On The Ray’s 18-mile stretch of roadway, maximizing all assets is a key strategy for creating a cleaner, safer highway. One of our largest assets is the land around the interstate, called the right-of-way. This space, designed to be a refuge of safe harbor for drivers in distress, can multi-task and fully utilize the land without threatening its primary purpose to drivers. One use is farming. Kernza® plants are a breakthrough from traditional annual wheat grasses and have deep 10-foot roots that helps to enrich the soil, retain clean water, and sequester carbon. Wheat straw is increasingly used as an alternative to trees and a more sustainable fiber source for making many of the highly disposable products we use every day–diapers, paper towels, toilet paper. By growing and harvesting wheat in the right-of-way, we’re creating a new economic opportunity, all while drawing down carbon.

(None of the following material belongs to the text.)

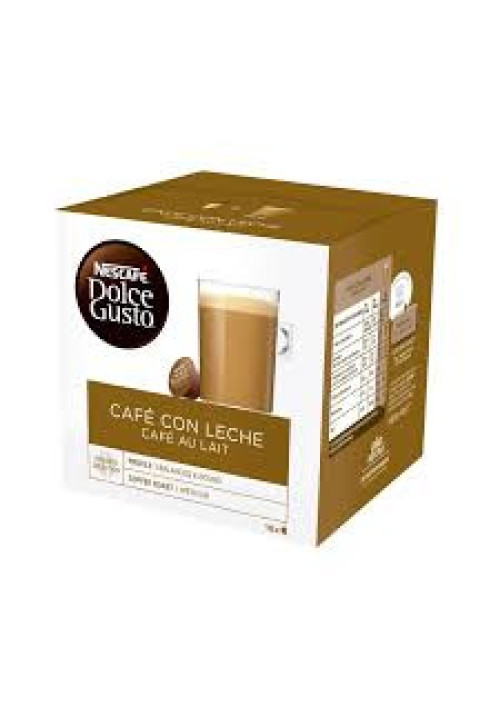 DOLCE GUSTO Café en cápsulas con leche 16 uds.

In October of 2017, the Georgia Department of Transportation, the Kansas-based Land Institute, and The Ray implemented a 1,000 square foot pilot demonstration of perennial wheat farming. For the next three years, the pilot project, which uses Kernza® perennial grain, will be monitored by UGA’s Bachelor of Landscape Architecture Program Director and Associate Professor, Brad Davis, as well as a Master of Landscape Architecture student Matthew Quirey. The Kernza® pilot on The Ray is the first in the southeast and the first to be located in a highway roadside.
The Kernza® perennial grain pilot is only the starting point for The Ray. The Ray hopes to expand this project into a vegetative laboratory that would support a variety of pilots over the next several years. These pilots would test different seed mixes for pollinators, weed control strategies, and other innovative agricultural solutions.